About two-thirds of EU steel exports to the US will face the harshest 30 per cent tariff. Further, the EU is also concerned that the move will result in diversion of steel exports to the EU endangering its industry.

And, though, on the one hand the EU has maintained that it will solve the problem within the framework of the WTO, it is soon expected to initiate action such as imposing restrictions on foreign airlines flying to EU, including US airlines that have received bail out packages from the US government after September 11.

Are we then going to see the beginning of a trade war between the US and its trading partners? Some analysts believe not because US import protection will be limited to a handful of especially sensitive and powerful industries, in particular steel, textiles and agricultural production of goods such as citrus fruits and vegetables.

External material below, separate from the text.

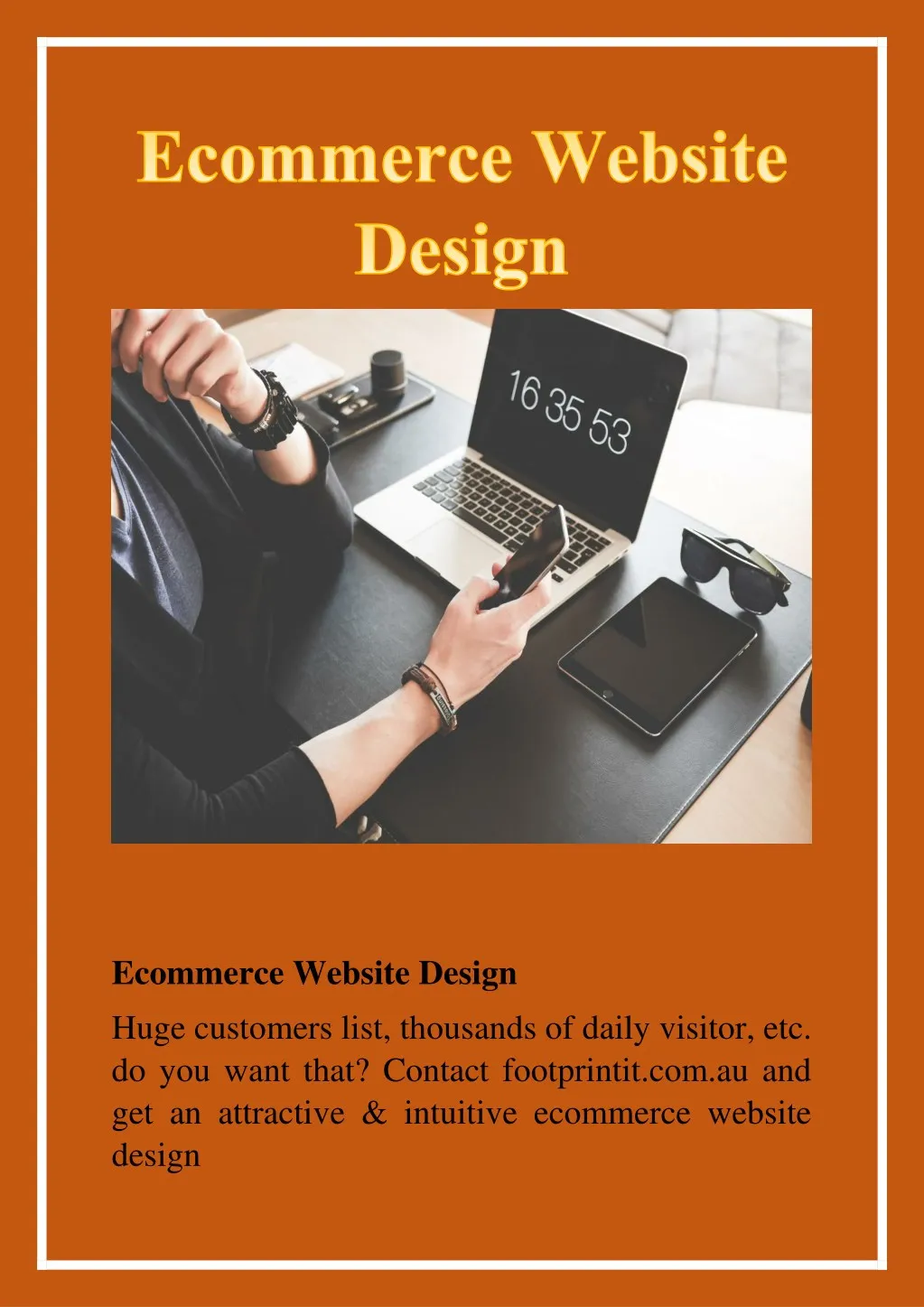 ecommerce website design huge customers list n.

What the US decision has clearly done is unmasked the US government. For the past 15 years US trade policy had been concerned almost exclusively with promoting free trade. The focus was on opening up markets abroad, which helped US exporters. The decision to protect an inefficient domestic industry makes it very clear that its advocacy of free trade is a political stance, appropriate as long as it suits its interests.

And, why not? After all, the US President is no less a politician than our own desi politicians. Surely, he cannot be expected to carry the burden of the welfare of consumers all over the world. He has to act according to his own political ends. We cannot expect him to fight our battles, especially when the steelworker voters of West Virginia helped him win his election.